## DIRECTIONS
Because the images are not wanted, restate every line below word for word without them.

-------- AVAILABLE DATA

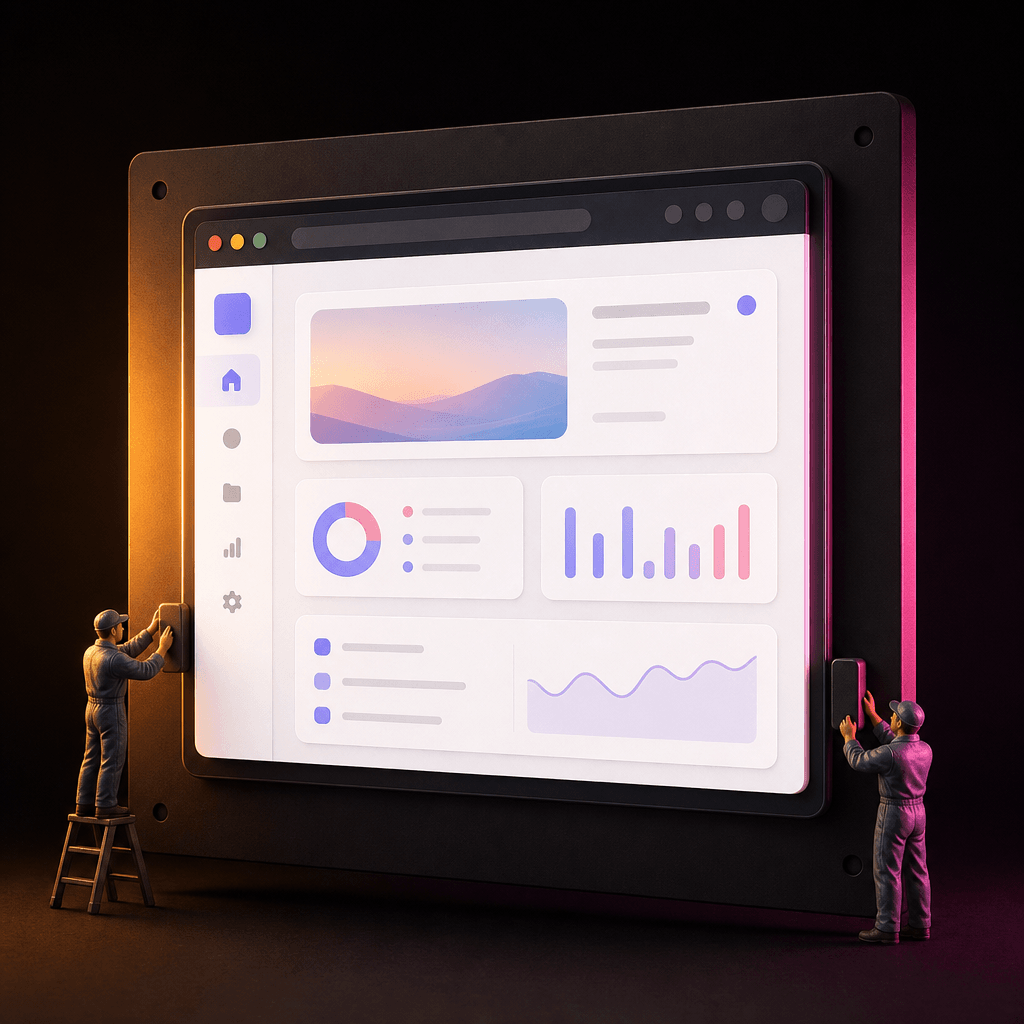 Square editorial product shot. A desktop browser window screenshot glowing against a pitch-dark background, displayed on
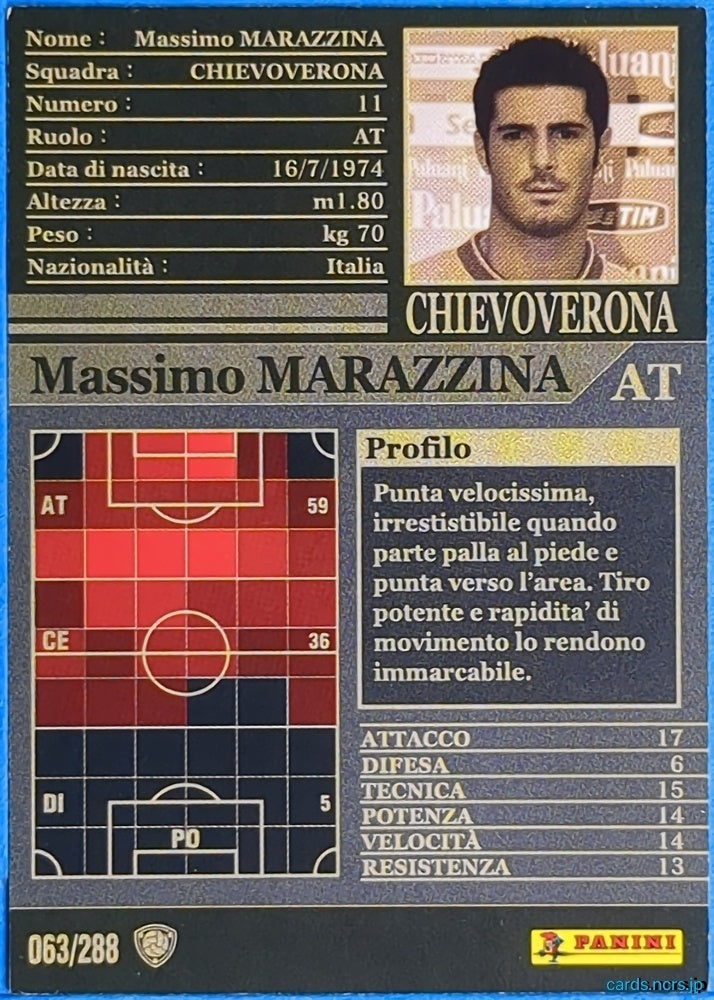 Panini WCCF Football WCCF/2002-2003-063/288EN N Massimo MARAZZINA Trading Card NM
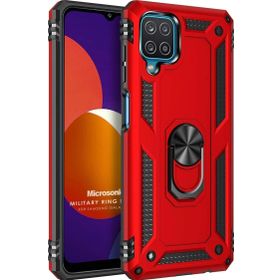 Microsonic Samsung Galaxy M12 Military Ring Holder Kırmızı Kılıf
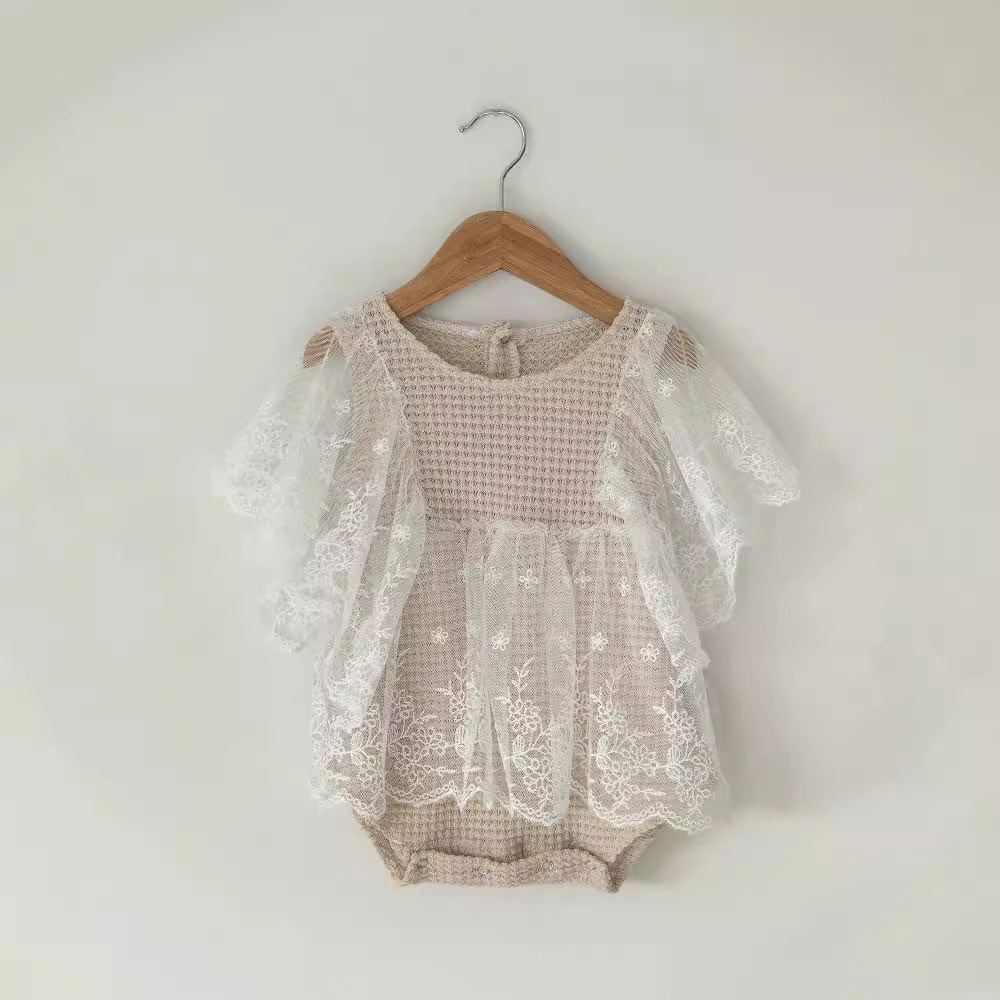 Baby Girl's Summer Wear Thin Waffled Ringsuit Baby's Wrap Dress Western-style Lace Princess Climbing Clothes for Going Out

----------------

## REPLY TO THE TASK
 Square editorial product shot. A desktop browser window screenshot glowing against a pitch-dark background, displayed on
 Panini WCCF Football WCCF/2002-2003-063/288EN N Massimo MARAZZINA Trading Card NM
 Microsonic Samsung Galaxy M12 Military Ring Holder Kırmızı Kılıf
 Baby Girl's Summer Wear Thin Waffled Ringsuit Baby's Wrap Dress Western-style Lace Princess Climbing Clothes for Going Out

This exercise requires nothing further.